Quand on baise c’est sympa, on fait notre petite affaire, on se fait du bien mais il y a quelque chose de trop mécanique, on n’y est pas complètement. C’est mal, mais souvent je repense au dernier corps qui m’a rendu ivre. Si elle était là, on remettrait ça, on s’en paierait comme pas possible. Mais on savait pas s’aimer. « La folie, c’est de refaire toujours la même chose, et d’attendre des résultats différents » Albert Einstein. Son beau minois porte une infime cicatrice de quand elle s’est cognée petite, en se précipitant sans regarder. Aujourd’hui elle se cogne encore et s’en cogne toujours. Le seul moteur de ses actes, c’est les sentiments. C’est touchant mais impossible à vivre. Elle jouait de la harpe avec mes nerfs, continuer n’aurait eu aucun sens.
Mais est-ce parce que les choses n’ont aucun sens qu’il faut s’abstenir de les faire? Certaines choses sont belles précisément parce qu’elles n’ont aucun sens, comme le funambule qui marche sur son fil.

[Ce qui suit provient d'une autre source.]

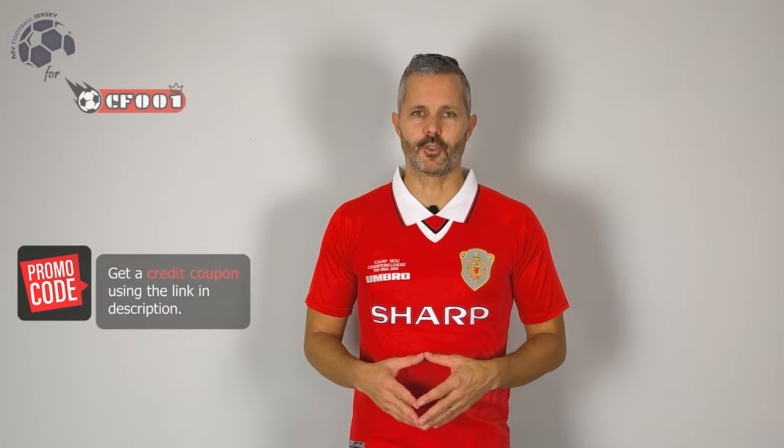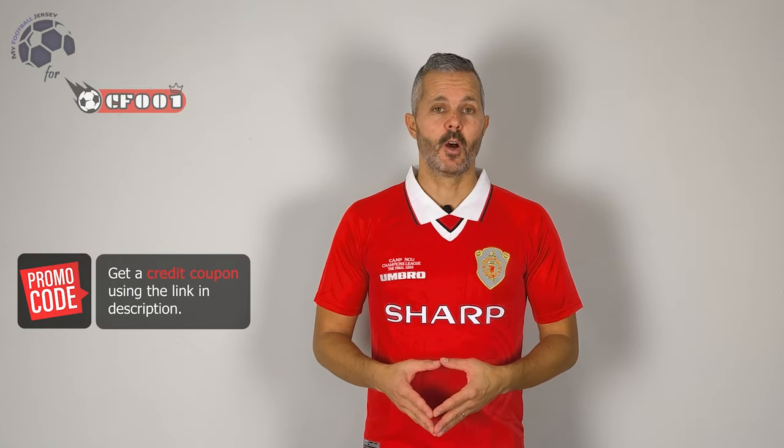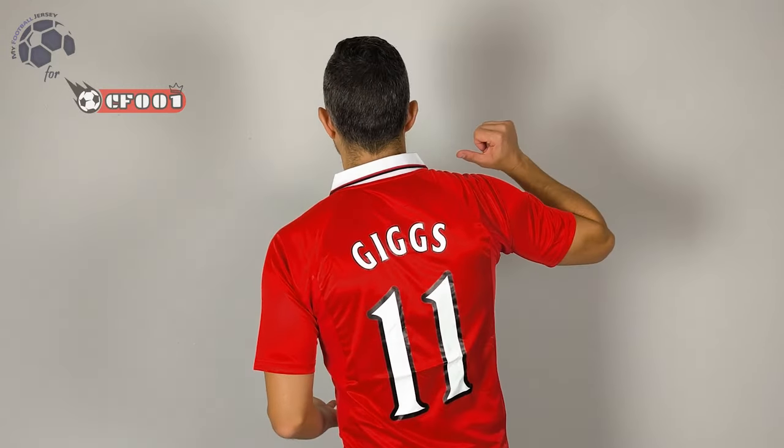Welcome back to MyFootballJersey. This is a historical jersey of Manchester United — the home jersey of a great player. Do you remember Giggs? This is the home jersey for the Champions League final of 1999.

Et toi, douce déviance, métaphore de l’existence, tu incarnes cette beauté si particulière d’une histoire qui ne mènera jamais nulle part, ce cri, touchant de désespoir du combat romantique, mais perdu d’avance. Si il ne me restait qu’une semaine à vivre je te chercherais pourtant. Toi qui te débats contre toi même, contre cette réalité que tu provoques, comme une gamine sous l’orage qui supplie ses vêtements de sécher. Toi qui débordes, comme un coloriage de gosse. Toi qui a disparu. C’est bien comme c’est, c’est mieux comme ça. Ou si ça se trouve, je me sentirais vivre plus fort si j’avais cédé aux folies aveugles que tu me tendais, si ça se trouve je passe à côté de ma vie, comme les gens qui disent tant pis…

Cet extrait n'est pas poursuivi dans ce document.